# A Sad Goodbye to a Wonderful Foster Golden



## cubbysan (Mar 13, 2007)

Sorry for the loss of Finn. 

At least it sounds like he finally lived like a normal golden the last few months.


----------



## esSJay (Apr 13, 2009)

I'm so sorry to hear. There are a small handful of goldens and people in this world who, when you meet them, even if it is just for a few short minutes, they make a huge impact on your life. Finn sounds like he was one of them. He is now reunited with his littermates at the bridge and I bet he will have some great memories to share with them! 

RIP Sweet Finn!


----------



## Laurie (Sep 20, 2009)

I'm sorry to hear about Finn.....

RIP sweet boy!!


----------



## Debles (Sep 6, 2007)

I am so very sorry for the loss of Finn.
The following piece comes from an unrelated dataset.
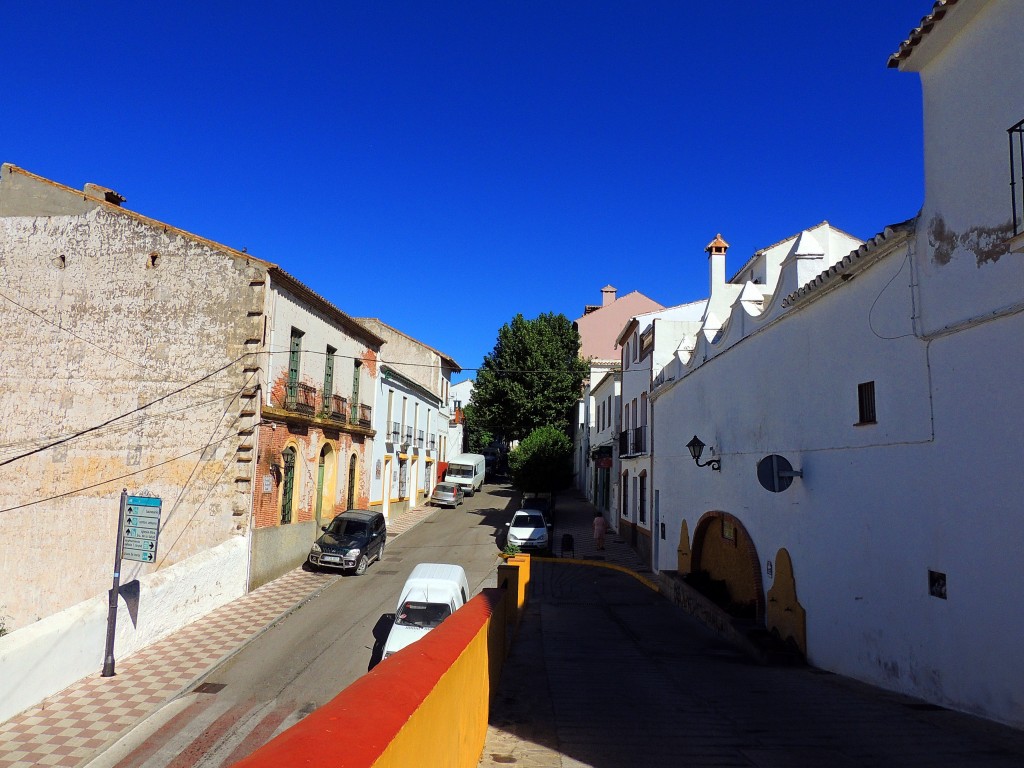Foto de Carratraca (Málaga), España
I am so glad his last year was wonderful.
Some day we will understand why our dear babies are taken too early.


----------



## maggie1951 (Apr 20, 2007)

So sorry for the loss of Finn he is now playing at the bridge but much to young be be there but pain free sweet dreams Finn


----------



## sharlin (Feb 26, 2007)

Play Hard Sweet Boy ~ Godspeed & Love ~ Aloha


----------



## Karen519 (Aug 21, 2006)

*Finn*

So very sorry about Finn!!

I am glad that he did know LOVE if even for a short time.

What a beautiful boy!


----------



## AmberSunrise (Apr 1, 2009)

RIP beautiful boy. You can now run and play to your hearts desire


----------



## C's Mom (Dec 7, 2009)

Bless his little heart. RIP Finn.


----------



## kathi127 (Sep 17, 2009)

I'm so sorry for the loss of Finn but I'm very glad he had a family who loved him and made his short life a happy one. RIP sweet Finn!


----------



## GoldensGirl (Aug 2, 2010)

I'm so sorry. It is good news that Finn had some real joy and loved the life he had. Sometimes I think bad things happen to teach us about compassion and to focus our values in the right places. There's no other excuse for the universe to do this to an innocent dog.

With you in spirit,
Lucy


----------



## Meggie'sMom (Dec 24, 2007)

Finn, you darling boy. Your sweet face would have anyone fall in love with you. I am so glad you found love and caring in this too often cruel world. Your memory will live in the hearts of those who met you.


----------



## LincolnsMom (Sep 28, 2010)

I'm very sorry about Finn. I'm sure he knew how much everyone cared for him. RIP Sweet boy.


----------



## shamrock0719 (Nov 1, 2010)

RIP Finn! So sorry for your loss!


----------



## goldencontriever3 (Nov 7, 2008)

I am so sorry for your loss. Thank you for finding Finn a home that showed him love in his last year. He was a handsome boy.

RIP Finn


----------



## goldensmum (Oct 23, 2007)

Run free Finn, and play well with your new friends.


----------